Australian hotel sales hit $2.14 billion in 2022 – the second highest transaction volume on record – according to CBRE.  

It comes as significant additional equity capital remained on the sidelines waiting for signs of a stabilisation in interest rates and inflation.  

Recovering occupancies and strong growth in Average Daily Rates (ADR) have assisted in insulating the hotels sector from the effects of rising inflation.  

“An expected stabilising of conditions as the year unfolds should see capital markets benefit from greater investor certainty,” CBRE’s Australian Head of Hotels Research Ally McDade said. 

“While a high inflation and interest rate environment will place upward pressure on yields and IRR expectations, improving tourism demand fundamentals and impressive performance indicators are likely to cushion any impact of higher credit-funding costs.”  

Last year’s hotel sales tally tracked 53 transactions valued at over $10 million – a record number of deals, which was 39% above the 10-year average. 

That momentum has continued into 2023 with the recent sale of the first Australian Waldorf Astoria hotel to Tattarang property company Fiveight.  

CBRE Regional Director, Hotel Valuations, Troy Craig said domestic travel continued to drive the Australian tourism industry, even with a recovery in Australians departing for overseas. 

“Domestic travel nights are now at or surpassing pre-pandemic levels in Queensland, South Australia, Western Australia and Tasmania and spending in these states is up circa 40% on pre-pandemic levels,” Craig said.  

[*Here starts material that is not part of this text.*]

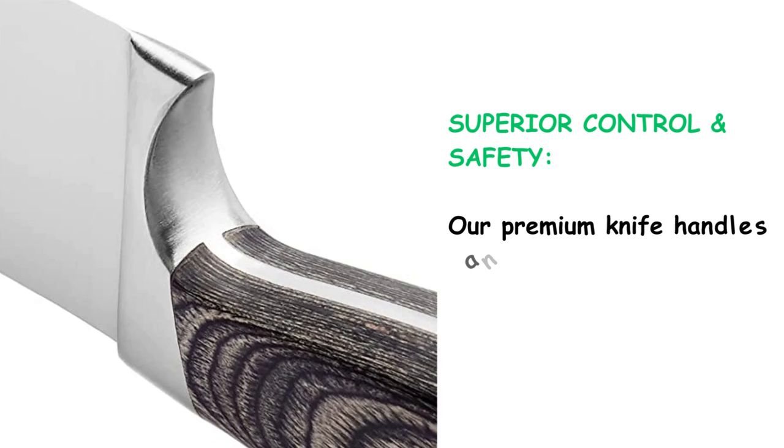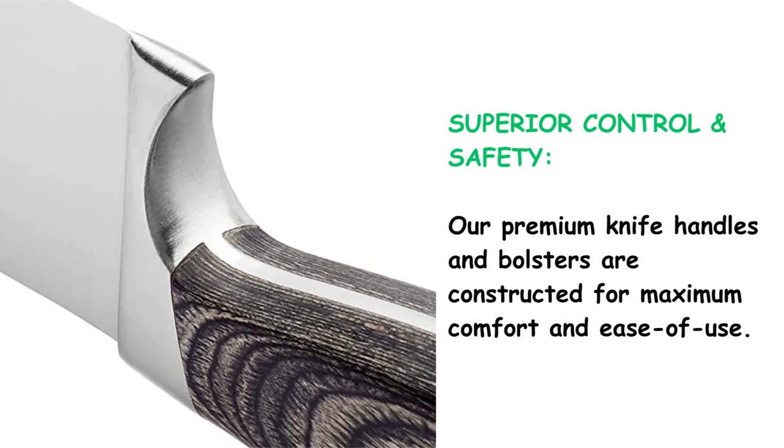Superior control and safety. Our premium knife handles and bolsters are constructed for maximum comfort and ease of use. The ergonomic patented design is engineered for comfortable handling, reduced slippage, and maximum cutting, chopping, and slicing.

“This is benefitting Australia’s gateway cities of Sydney and Melbourne, which recorded the strongest y-o-y growth rates in relation to both ADR and occupancies aided by a recovery in corporate travel and international travel.” 

Nationally, ADR rose 24% over the year to $228, outpacing 2019 rates by 23%, while the national occupancy rate averaged 65%, just 10% shy of pre-pandemic levels. 

Source: CBRE

CBRE is forecasting that ADR growth will moderate over 2023, although Craig said most city markets were still expected to post gains as operators maintain strong rate policies in favour of returning to pre-pandemic occupancy levels.  

“Occupancy levels in domestic demand dominated cities are expected to edge upwards from already strong levels, while Sydney and Melbourne should continue to see occupancy gains as inbound demand recovers,” Craig said. 

In relation to international visitation, while short term overseas arrivals remain 40% below pre-pandemic levels, a recovery is in train, with the reopening of China’s borders key to the rate at which Australia’s inbound tourism economy recovers in 2023. 

On the development front, CBRE predicts that the hotel market’s expansionary phase is set to peak in the next 12 months with around 8,400 rooms set to be delivered across the country’s major hotel markets in 2023 and 2024.  

Following this wave of additions, higher debt and construction costs are anticipated to suppress the hotel development pipeline being largely limited to key strategic sites usually having mixed use appeal, McDade said.